Designing privacy friendly analytics

Ben Tasker

2021-12-26 12:14

It was only two weeks ago that I wrote

but I've whittled the amount of javascript on the site right down, and don't really relish the thought of increasing it. Nor do I particularly like the idea of implementing probes that can track user movements across my sites, when all I currently need is aggregate data.

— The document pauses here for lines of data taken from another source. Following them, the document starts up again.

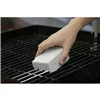 Surface cleaner Privilege Barbecue 10 x 7 x 4 cm (36 Units)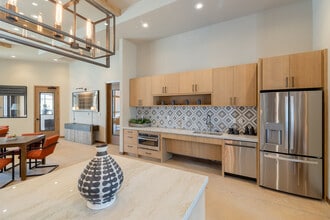 The Hill in Los Alamos, NM - Building Photo - Building Photo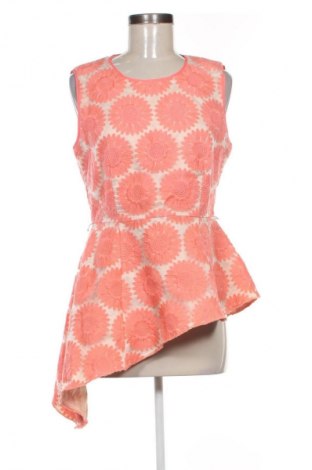 Damentop Guido Maria Kretschmer, Größe M, Farbe Mehrfarbig, Preis 13,81 €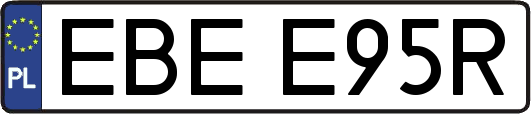 EBEE95R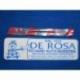 Tirante batteria Fiat 500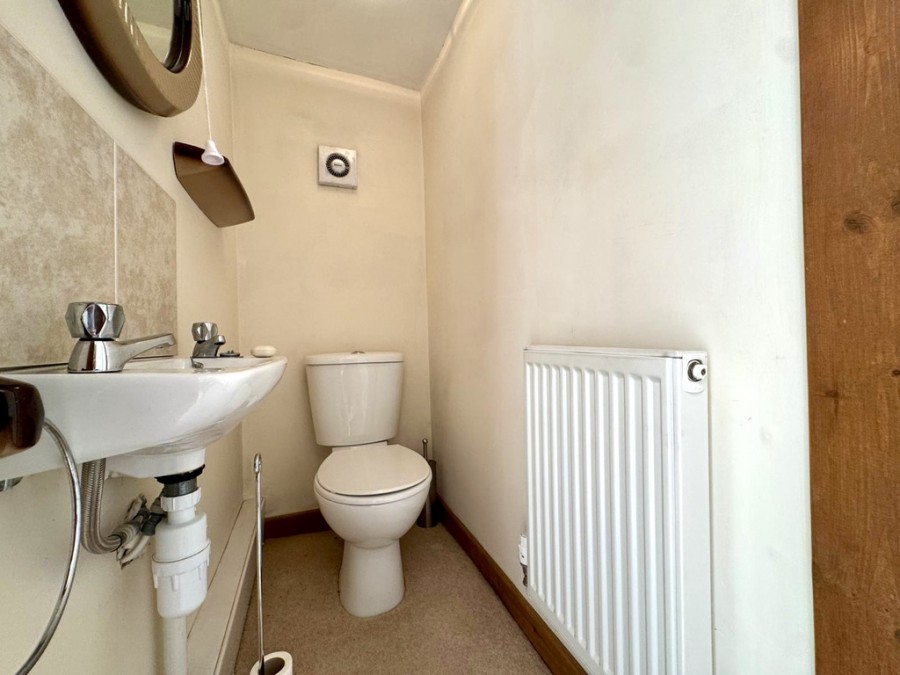 Images for Wyndham Street, Troedyrhiw, Merthyr Tydfil, CF48 4JY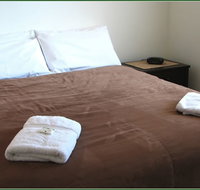 Churchill Apartments - Accommodation Whitsundays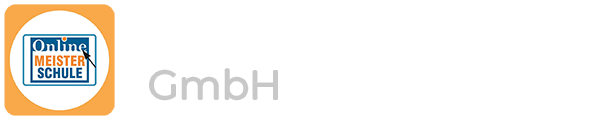 Online Meisterschule GmbH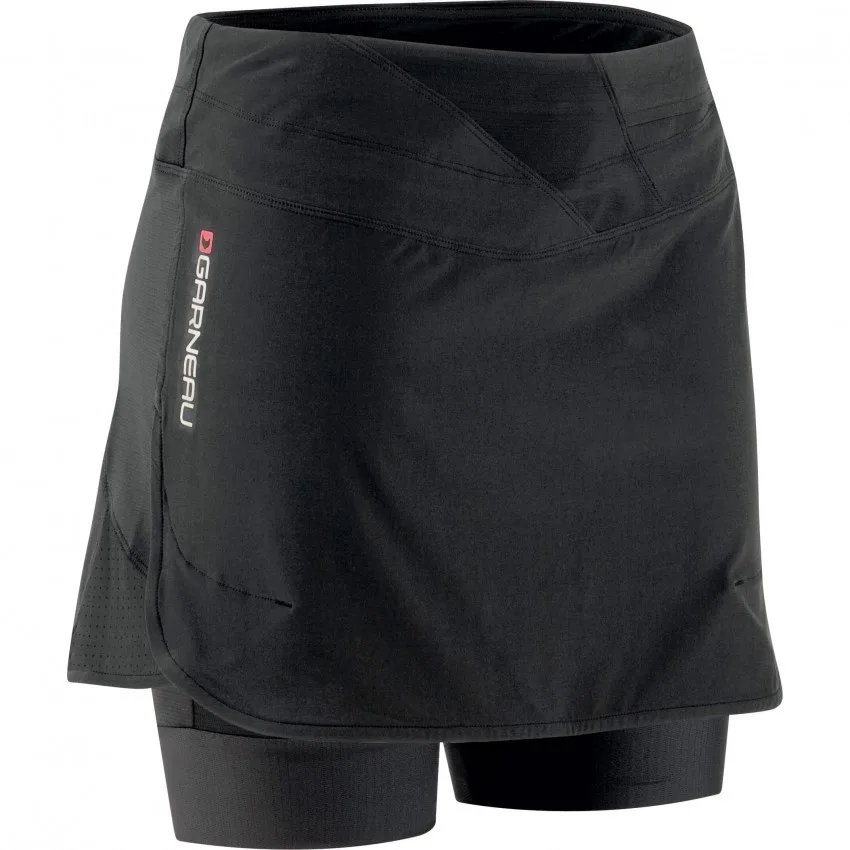 آموزش برش پارچه حریر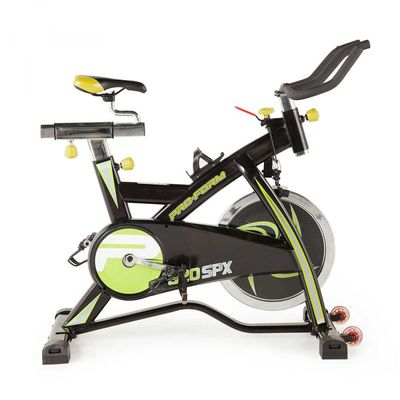  ProForm 320 SPX (,  1)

Unfortunately, that set my brain wandering off thinking about what scalable privacy friendly analytics might look like - which inevitably led to prototyping.

Fundamentals

The system is supposed to be privacy friendly, so there are some fundamental rules I wanted to abide by

Actions and time are the primary focus, not the user - we don't need to record user identifiers
The system should be lightweight and collect only that which is needed
There should be no ability to track a user cross-site (even if the analytics is used on multiple sites)
The default behaviour should make it all but impossible to track user movements within a site

The aim being to strike a balance where we can collect the data required to maintain/improve a site, with as little impact on the user's privacy as possible.

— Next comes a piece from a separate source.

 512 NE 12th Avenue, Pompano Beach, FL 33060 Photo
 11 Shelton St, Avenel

Whilst I trust me, there's no reason users should have to, and we should assume that at some point, someone less trustworthy will find a way to access the stored data: the less identifying data available, the less use it is to them.

Information collected

The system collects the following information from a user's browser

Domain
Page
Referrer (if available)
Platform (e.g. Linux x86)
Timezone (offset from GMT)
Page load time
Number of pages viewed this session

Referrer is collected because it's useful to see where traffic is being sourced from - especially if there's a sudden drop-off (plus, it's interesting to see where I'm being linked to from).

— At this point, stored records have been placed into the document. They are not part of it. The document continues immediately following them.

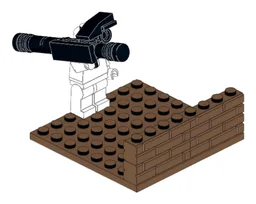 FIM- 92 Stinger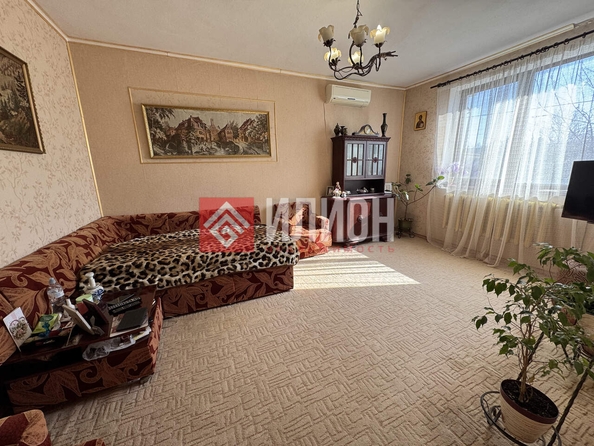 
  Продается дом 255.8 м². Фото 7.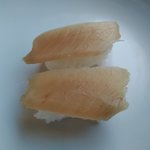 すたみな太郎PREMIUM BUFFET - びんちょうまぐろ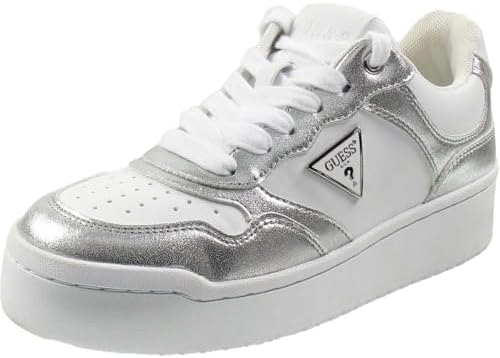 Talla 6.5 US Women , Guess Womens Miram 2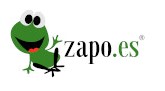 Zapo Logo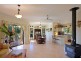 14 Citriadora Drive, Ewingsdale NSW 2481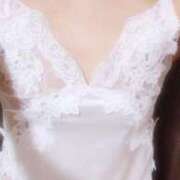 ヒメ日記 2025/10/20 07:45 投稿 石田ゆり(いしだゆり) 九州熟女　八代店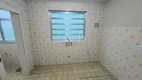 Foto 18 de Apartamento com 2 Quartos à venda, 73m² em Cristo Redentor, Porto Alegre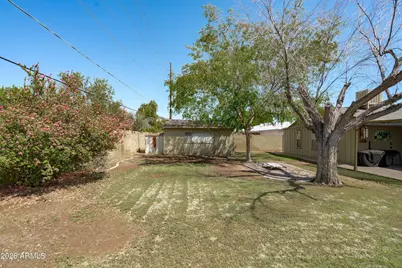 2214 W Keim Drive, Phoenix, AZ 85015 - Photo 6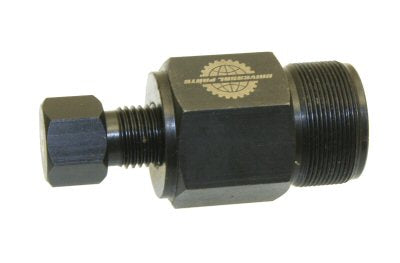 Universal Parts M28x1.00 Flywheel Puller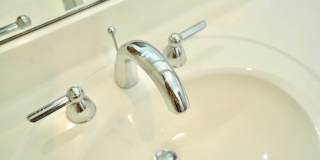 Two Bedroom Condo Available at the Barringer Near UVA Gallery 26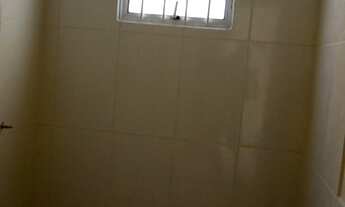 Imagem 4: Casa Condomínio Residencial Orlando Benedini (Ref.:CA00400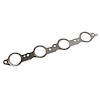 Exhaust Manifold Gasket 1998-2002 Camaro/Firebird LS1 - image 1
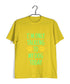 Aaramkhor Specials Dogs I'M ONLY TALKING TO MY DOG TODAY Custom Printed Graphic Design T-Shirt for Women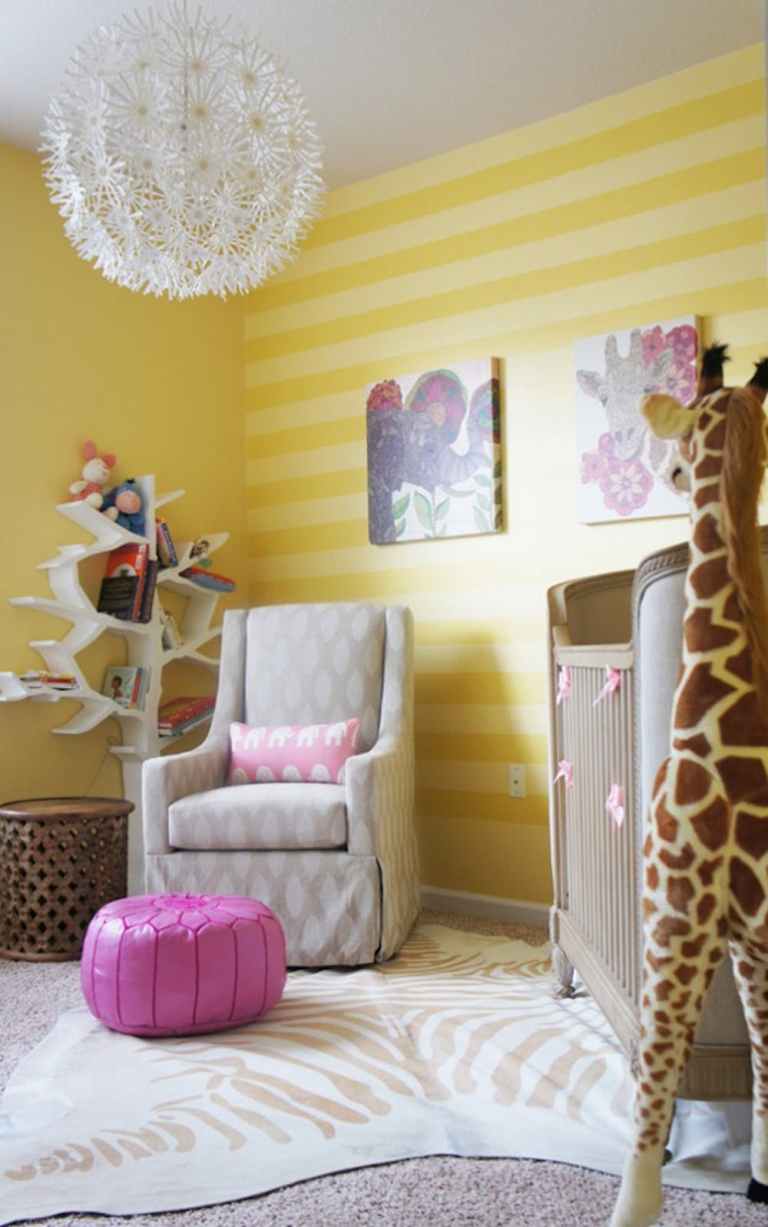 7.-TreeShelving-Rossenberry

Platform and Timezone are useful for planning and scaling purposes, and page load times are obviously useful for evaluating performance of the site.

The number of pages viewed in a session allows evaluation of the bounce rate, but requires storage of state in the user's browser - the sessionStorage object is used to store the counter for this, so state won't be tracked between browsing sessions (or even browser tabs).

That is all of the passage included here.